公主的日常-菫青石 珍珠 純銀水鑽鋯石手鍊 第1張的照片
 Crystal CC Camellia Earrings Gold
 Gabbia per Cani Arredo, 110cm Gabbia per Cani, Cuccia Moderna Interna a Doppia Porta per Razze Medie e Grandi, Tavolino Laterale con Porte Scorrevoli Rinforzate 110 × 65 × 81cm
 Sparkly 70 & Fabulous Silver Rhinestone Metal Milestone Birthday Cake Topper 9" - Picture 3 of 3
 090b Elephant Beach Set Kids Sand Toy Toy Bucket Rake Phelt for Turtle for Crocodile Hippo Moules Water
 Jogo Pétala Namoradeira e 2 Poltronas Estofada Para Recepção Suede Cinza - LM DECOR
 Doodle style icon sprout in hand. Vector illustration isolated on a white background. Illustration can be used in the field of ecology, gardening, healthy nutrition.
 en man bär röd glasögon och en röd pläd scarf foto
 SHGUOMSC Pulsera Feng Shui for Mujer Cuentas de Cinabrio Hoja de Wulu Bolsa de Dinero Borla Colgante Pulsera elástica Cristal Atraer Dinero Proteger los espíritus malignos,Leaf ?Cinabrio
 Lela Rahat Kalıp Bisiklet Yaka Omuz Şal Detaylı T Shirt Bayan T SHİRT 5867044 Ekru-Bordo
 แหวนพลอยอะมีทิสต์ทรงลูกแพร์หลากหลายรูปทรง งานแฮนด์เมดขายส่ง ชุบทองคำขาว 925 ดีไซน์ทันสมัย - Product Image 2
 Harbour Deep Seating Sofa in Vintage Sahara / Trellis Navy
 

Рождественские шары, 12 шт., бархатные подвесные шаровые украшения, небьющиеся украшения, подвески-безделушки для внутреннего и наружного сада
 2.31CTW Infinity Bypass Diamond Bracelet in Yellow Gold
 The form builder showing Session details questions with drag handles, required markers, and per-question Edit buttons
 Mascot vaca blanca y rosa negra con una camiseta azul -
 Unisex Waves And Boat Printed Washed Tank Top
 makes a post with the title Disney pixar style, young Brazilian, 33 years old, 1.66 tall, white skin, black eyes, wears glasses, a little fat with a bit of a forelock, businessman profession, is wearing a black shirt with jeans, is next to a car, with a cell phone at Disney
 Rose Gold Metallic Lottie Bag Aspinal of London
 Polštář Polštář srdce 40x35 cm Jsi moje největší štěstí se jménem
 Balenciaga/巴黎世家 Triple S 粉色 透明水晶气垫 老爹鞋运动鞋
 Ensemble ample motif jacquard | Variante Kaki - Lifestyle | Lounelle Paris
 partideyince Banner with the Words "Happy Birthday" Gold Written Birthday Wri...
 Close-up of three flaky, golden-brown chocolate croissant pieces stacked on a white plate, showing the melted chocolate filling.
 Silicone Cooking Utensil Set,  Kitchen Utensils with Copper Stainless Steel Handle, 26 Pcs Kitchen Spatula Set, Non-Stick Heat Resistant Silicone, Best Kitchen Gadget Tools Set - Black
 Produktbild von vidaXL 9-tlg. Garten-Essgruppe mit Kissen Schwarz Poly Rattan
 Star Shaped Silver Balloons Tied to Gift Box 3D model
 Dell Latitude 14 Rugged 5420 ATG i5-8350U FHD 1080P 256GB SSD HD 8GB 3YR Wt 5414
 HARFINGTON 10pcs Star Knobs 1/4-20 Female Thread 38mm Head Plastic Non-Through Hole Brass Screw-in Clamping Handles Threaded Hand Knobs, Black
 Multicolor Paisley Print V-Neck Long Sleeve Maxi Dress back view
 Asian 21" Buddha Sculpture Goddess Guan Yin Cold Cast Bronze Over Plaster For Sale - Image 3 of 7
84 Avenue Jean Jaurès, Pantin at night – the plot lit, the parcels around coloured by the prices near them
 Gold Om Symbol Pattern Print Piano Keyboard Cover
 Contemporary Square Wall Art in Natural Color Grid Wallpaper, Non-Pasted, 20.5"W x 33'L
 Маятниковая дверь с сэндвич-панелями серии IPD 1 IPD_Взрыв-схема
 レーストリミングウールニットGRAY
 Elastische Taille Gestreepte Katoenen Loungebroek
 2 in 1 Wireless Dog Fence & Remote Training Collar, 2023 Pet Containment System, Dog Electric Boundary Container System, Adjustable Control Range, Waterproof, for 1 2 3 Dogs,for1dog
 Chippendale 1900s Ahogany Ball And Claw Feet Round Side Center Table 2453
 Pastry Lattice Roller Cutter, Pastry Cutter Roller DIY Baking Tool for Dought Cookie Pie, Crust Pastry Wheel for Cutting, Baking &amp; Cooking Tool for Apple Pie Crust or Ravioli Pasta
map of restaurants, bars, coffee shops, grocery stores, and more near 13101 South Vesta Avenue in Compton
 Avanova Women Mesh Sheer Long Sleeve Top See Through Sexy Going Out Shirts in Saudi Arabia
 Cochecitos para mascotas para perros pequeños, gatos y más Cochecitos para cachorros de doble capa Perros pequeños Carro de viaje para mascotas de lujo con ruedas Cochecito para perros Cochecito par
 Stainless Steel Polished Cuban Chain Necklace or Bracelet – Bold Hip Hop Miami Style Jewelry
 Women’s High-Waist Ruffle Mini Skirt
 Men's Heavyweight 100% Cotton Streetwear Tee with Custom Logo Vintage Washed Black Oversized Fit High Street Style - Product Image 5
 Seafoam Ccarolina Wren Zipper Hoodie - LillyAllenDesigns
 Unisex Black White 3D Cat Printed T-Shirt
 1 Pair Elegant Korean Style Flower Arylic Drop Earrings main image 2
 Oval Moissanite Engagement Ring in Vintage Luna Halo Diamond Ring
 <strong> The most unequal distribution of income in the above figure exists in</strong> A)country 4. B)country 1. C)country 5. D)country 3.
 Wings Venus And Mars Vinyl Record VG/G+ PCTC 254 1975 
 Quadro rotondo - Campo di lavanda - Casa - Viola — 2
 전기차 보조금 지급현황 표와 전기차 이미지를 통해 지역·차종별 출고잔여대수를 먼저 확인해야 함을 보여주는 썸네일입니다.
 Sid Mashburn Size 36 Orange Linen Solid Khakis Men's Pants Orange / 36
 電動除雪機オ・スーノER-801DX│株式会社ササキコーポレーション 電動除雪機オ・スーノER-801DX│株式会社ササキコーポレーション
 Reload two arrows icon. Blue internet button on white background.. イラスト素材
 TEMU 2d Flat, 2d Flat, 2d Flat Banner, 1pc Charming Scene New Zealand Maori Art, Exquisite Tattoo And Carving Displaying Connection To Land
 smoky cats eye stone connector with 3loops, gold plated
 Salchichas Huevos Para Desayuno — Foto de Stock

------------------------------------------------

### ASSIGNMENT
Find and copy each line of the data where "Banner" is present.

### YOUR SOLUTION
 partideyince Banner with the Words "Happy Birthday" Gold Written Birthday Wri...
 TEMU 2d Flat, 2d Flat, 2d Flat Banner, 1pc Charming Scene New Zealand Maori Art, Exquisite Tattoo And Carving Displaying Connection To Land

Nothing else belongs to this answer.